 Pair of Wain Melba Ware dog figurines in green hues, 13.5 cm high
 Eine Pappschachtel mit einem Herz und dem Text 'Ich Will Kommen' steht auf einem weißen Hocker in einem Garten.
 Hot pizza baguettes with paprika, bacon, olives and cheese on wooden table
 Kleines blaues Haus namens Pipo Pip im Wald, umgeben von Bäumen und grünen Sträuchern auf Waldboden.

---

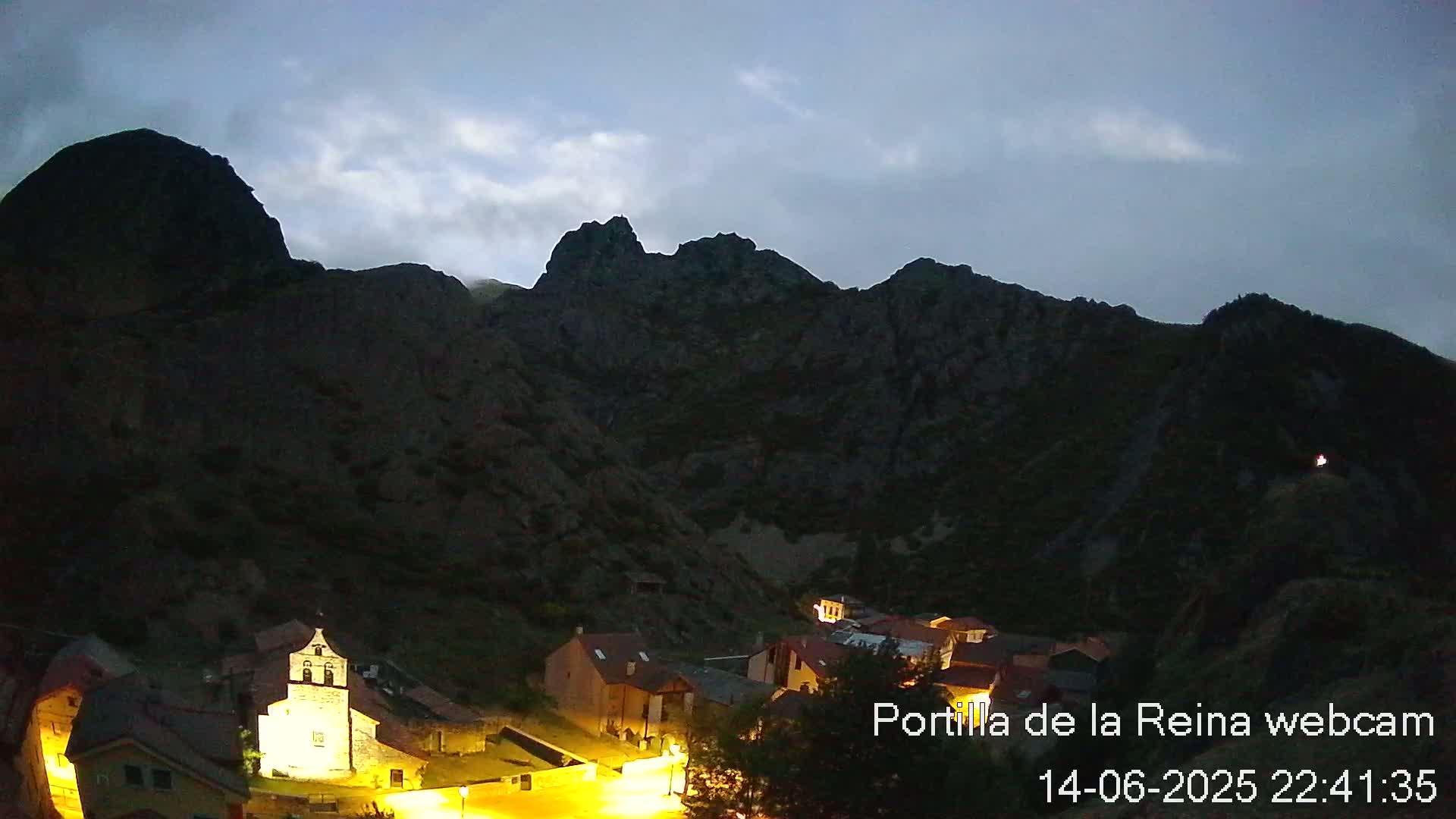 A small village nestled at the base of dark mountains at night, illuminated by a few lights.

**WORK ORDER:**
Find "Hot pizza baguettes" in the entries above and copy that whole line exactly, then each line after it through the line that contains "Kleines blaues Haus".

**TASK SOLUTION:**
 Hot pizza baguettes with paprika, bacon, olives and cheese on wooden table
 Kleines blaues Haus namens Pipo Pip im Wald, umgeben von Bäumen und grünen Sträuchern auf Waldboden.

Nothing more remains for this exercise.